#### [ASSIGNMENT]
Return, exactly as written, every line from the first line of the data below through the line that contains "Nowa, umeblowana kawalerka".

(ENTRIES SUPPLIED)

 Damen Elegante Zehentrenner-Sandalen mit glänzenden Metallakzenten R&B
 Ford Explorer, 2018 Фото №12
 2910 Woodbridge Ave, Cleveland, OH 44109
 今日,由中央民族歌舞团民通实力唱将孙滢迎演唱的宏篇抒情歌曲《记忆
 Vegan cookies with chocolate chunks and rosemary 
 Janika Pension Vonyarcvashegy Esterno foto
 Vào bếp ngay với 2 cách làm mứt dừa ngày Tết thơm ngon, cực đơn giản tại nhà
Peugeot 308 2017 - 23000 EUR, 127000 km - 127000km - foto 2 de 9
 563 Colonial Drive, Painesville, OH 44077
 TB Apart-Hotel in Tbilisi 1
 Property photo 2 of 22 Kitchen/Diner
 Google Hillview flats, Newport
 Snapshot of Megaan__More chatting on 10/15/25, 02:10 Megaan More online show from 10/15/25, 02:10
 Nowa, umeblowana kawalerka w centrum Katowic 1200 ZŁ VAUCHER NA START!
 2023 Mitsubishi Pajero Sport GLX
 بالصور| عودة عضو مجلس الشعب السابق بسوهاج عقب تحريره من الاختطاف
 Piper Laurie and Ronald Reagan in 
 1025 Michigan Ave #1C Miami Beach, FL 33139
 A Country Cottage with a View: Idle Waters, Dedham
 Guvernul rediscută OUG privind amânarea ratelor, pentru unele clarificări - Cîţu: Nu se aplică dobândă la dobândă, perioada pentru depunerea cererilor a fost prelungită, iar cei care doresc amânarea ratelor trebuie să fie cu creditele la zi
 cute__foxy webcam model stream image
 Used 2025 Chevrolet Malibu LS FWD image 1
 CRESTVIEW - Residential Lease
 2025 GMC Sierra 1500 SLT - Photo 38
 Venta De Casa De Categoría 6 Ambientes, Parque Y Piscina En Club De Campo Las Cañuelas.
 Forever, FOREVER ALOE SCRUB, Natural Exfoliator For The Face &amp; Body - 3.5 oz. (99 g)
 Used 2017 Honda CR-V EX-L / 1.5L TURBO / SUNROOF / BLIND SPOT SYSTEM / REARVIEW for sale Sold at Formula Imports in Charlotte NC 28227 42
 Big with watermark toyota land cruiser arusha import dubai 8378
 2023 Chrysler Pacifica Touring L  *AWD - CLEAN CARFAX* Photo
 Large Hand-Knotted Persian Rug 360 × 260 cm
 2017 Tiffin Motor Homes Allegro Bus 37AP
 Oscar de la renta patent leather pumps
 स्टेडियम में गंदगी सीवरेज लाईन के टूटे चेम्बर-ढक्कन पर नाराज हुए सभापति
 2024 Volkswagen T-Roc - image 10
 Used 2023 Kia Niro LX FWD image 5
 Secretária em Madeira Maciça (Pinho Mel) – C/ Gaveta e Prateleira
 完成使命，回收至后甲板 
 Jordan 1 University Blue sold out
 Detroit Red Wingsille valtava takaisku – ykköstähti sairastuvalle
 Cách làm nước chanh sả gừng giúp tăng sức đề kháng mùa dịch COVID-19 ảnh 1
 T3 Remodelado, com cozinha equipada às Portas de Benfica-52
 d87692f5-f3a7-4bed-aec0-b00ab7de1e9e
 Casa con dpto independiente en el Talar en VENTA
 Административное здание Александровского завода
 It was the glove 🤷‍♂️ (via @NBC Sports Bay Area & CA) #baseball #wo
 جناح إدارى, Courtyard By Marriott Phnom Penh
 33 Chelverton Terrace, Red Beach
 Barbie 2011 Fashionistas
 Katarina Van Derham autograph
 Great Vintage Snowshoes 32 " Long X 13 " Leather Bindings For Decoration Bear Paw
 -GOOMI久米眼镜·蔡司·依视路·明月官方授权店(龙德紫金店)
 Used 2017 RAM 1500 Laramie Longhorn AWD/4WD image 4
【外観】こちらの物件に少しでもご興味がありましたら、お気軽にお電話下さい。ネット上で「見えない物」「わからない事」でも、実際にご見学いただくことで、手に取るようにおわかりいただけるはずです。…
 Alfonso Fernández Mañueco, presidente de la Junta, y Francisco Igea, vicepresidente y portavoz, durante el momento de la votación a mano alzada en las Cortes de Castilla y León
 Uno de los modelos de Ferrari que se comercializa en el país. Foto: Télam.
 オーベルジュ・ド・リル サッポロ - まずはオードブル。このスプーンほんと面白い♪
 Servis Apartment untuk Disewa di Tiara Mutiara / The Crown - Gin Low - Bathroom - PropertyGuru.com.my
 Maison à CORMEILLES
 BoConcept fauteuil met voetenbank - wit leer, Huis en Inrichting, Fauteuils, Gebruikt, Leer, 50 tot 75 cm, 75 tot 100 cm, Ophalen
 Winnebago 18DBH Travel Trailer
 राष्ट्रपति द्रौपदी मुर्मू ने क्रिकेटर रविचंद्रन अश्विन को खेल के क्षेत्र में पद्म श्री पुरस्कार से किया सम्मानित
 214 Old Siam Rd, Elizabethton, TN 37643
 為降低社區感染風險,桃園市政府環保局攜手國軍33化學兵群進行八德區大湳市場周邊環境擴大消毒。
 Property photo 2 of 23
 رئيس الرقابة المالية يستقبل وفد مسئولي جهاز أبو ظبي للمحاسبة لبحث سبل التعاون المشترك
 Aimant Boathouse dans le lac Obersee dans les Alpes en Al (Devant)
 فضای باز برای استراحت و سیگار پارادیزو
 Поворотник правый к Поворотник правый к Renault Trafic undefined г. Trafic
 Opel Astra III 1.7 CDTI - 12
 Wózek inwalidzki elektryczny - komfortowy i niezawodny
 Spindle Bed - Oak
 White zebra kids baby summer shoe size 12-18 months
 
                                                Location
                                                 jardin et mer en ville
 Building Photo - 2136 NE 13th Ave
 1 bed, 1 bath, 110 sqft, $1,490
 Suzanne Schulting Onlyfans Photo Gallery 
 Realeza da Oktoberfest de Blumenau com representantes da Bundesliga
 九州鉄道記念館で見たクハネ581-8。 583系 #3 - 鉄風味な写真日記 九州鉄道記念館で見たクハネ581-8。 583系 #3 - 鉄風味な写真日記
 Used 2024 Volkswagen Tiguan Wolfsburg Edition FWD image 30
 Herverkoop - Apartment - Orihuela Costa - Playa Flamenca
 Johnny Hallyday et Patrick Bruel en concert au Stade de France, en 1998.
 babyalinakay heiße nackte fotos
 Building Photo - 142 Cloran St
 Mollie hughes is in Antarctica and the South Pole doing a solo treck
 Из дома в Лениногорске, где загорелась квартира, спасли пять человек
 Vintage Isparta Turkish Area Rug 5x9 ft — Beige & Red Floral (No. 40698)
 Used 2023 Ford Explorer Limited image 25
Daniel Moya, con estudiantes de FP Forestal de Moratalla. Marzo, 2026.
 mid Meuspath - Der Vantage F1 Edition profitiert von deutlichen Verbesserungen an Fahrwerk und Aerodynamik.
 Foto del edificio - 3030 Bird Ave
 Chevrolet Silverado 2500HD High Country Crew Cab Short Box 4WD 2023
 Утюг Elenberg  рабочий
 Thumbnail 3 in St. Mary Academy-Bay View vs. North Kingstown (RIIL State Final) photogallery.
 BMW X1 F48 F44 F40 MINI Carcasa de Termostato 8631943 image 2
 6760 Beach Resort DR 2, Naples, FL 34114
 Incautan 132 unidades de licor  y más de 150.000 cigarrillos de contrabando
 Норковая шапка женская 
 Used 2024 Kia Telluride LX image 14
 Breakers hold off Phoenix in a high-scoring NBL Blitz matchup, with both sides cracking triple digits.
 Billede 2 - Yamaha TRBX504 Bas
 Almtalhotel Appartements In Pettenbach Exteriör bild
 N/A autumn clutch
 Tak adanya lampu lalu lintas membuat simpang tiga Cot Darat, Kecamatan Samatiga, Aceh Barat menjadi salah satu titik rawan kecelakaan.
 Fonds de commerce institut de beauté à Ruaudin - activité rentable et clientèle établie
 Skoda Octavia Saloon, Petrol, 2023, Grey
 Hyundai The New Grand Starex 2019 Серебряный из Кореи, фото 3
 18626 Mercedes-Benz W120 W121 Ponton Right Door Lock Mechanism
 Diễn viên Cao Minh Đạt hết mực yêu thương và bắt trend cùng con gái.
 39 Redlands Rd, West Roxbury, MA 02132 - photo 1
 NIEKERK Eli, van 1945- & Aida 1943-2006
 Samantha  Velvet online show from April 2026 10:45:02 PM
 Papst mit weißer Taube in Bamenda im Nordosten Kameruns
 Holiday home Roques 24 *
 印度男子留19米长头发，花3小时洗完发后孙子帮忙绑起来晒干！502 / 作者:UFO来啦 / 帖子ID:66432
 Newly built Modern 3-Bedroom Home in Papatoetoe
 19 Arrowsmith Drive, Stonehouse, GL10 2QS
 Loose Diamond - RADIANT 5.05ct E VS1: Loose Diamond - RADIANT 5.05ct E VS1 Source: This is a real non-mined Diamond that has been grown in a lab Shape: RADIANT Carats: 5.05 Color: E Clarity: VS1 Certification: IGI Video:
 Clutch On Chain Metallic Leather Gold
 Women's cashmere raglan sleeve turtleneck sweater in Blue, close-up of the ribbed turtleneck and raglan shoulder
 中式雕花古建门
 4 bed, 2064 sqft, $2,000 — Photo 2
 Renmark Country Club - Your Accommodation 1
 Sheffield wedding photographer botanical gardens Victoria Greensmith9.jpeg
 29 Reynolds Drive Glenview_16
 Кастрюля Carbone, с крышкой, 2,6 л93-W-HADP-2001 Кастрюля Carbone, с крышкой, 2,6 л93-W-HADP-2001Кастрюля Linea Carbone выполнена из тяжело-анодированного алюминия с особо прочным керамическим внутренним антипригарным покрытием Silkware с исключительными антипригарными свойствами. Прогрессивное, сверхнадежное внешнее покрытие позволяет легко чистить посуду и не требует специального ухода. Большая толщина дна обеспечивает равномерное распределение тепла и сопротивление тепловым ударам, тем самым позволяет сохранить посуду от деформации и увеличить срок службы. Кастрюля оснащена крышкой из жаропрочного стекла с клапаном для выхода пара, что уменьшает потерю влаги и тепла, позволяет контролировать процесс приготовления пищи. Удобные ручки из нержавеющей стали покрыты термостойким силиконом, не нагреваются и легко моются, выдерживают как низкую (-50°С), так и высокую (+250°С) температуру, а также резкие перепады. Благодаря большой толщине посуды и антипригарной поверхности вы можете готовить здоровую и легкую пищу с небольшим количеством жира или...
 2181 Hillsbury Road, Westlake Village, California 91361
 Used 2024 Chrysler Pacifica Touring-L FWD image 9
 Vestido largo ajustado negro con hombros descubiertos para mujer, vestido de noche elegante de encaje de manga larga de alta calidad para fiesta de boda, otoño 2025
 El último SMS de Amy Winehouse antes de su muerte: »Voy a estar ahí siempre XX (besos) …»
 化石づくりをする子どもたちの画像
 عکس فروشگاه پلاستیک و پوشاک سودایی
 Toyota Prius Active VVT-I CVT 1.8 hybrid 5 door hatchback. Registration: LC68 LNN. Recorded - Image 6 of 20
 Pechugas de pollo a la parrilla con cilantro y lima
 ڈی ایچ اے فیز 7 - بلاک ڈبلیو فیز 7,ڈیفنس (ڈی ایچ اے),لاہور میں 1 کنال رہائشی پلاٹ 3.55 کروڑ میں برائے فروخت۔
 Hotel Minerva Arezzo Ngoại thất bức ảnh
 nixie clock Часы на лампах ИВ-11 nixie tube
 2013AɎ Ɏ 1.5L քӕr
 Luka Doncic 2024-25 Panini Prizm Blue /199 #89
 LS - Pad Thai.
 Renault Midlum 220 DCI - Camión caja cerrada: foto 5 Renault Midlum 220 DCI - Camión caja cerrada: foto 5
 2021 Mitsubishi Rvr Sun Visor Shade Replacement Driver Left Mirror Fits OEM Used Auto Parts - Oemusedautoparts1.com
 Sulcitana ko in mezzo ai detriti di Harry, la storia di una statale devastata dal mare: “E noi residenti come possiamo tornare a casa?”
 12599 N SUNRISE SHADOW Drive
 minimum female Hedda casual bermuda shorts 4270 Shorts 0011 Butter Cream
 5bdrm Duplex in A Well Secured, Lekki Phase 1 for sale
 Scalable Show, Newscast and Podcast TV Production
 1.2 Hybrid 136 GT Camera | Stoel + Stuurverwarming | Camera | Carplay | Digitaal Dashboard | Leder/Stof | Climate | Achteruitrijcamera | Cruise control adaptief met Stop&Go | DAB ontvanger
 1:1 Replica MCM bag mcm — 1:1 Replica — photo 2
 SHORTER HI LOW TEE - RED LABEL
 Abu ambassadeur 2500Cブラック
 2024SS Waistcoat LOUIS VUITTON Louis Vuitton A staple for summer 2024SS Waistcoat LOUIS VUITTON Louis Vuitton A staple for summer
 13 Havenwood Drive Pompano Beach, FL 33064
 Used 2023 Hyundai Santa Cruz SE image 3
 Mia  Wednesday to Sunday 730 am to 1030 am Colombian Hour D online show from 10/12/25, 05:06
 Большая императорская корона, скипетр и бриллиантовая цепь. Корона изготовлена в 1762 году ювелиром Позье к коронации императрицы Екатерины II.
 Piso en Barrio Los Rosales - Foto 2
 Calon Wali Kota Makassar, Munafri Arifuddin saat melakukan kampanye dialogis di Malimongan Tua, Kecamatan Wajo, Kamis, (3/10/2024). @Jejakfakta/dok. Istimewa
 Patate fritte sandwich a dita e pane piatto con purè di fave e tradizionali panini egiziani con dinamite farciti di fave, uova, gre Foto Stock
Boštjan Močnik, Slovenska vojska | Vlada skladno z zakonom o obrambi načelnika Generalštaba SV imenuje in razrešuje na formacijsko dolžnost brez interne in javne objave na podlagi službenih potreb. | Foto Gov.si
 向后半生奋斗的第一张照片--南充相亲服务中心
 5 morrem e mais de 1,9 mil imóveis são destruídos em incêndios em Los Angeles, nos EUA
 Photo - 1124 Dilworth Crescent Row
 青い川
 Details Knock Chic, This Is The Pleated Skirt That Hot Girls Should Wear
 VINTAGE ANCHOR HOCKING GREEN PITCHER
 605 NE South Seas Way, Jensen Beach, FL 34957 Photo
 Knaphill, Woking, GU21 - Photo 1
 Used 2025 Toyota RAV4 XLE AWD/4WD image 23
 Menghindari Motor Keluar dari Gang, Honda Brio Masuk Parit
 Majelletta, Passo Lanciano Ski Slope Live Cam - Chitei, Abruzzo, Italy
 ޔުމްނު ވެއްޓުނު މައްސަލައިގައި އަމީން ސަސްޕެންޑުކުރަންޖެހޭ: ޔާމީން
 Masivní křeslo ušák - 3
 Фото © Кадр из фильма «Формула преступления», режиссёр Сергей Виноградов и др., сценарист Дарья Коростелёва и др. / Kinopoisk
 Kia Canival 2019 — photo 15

(End ENTRIES SUPPLIED)

#### [WRITTEN RESPONSE]
 Damen Elegante Zehentrenner-Sandalen mit glänzenden Metallakzenten R&B
 Ford Explorer, 2018 Фото №12
 2910 Woodbridge Ave, Cleveland, OH 44109
 今日,由中央民族歌舞团民通实力唱将孙滢迎演唱的宏篇抒情歌曲《记忆
 Vegan cookies with chocolate chunks and rosemary 
 Janika Pension Vonyarcvashegy Esterno foto
 Vào bếp ngay với 2 cách làm mứt dừa ngày Tết thơm ngon, cực đơn giản tại nhà
Peugeot 308 2017 - 23000 EUR, 127000 km - 127000km - foto 2 de 9
 563 Colonial Drive, Painesville, OH 44077
 TB Apart-Hotel in Tbilisi 1
 Property photo 2 of 22 Kitchen/Diner
 Google Hillview flats, Newport
 Snapshot of Megaan__More chatting on 10/15/25, 02:10 Megaan More online show from 10/15/25, 02:10
 Nowa, umeblowana kawalerka w centrum Katowic 1200 ZŁ VAUCHER NA START!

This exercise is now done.